Please reproduce exactly the line that carries "Helle Küche mit" and all remaining lines through the last line of the data, and write nothing else.

Caption-style text data:
= Beginning of Section =

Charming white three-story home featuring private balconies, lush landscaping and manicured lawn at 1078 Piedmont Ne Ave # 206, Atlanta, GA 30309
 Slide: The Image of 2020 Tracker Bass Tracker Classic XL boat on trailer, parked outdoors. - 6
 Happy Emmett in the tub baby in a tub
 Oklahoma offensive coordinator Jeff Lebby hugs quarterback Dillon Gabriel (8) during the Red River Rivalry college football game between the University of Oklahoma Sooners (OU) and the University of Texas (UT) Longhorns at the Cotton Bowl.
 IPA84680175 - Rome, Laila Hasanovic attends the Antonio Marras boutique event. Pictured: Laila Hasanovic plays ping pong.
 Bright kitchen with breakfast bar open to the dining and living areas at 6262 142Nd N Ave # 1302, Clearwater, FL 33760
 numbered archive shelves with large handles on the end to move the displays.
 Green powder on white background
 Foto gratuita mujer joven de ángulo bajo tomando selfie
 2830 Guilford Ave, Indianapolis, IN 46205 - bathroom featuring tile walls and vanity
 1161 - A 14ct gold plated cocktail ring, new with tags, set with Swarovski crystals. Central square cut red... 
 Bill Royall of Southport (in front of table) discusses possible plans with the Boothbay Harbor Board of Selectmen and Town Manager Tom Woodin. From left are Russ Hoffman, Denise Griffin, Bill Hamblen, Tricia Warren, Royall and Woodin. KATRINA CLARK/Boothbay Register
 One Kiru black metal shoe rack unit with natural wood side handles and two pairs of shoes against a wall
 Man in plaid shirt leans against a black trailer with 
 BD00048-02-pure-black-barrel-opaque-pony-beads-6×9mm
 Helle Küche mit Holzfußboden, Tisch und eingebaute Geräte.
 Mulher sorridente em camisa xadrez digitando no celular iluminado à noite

= End of Section =

* **Answer to this exercise**
 Helle Küche mit Holzfußboden, Tisch und eingebaute Geräte.
 Mulher sorridente em camisa xadrez digitando no celular iluminado à noite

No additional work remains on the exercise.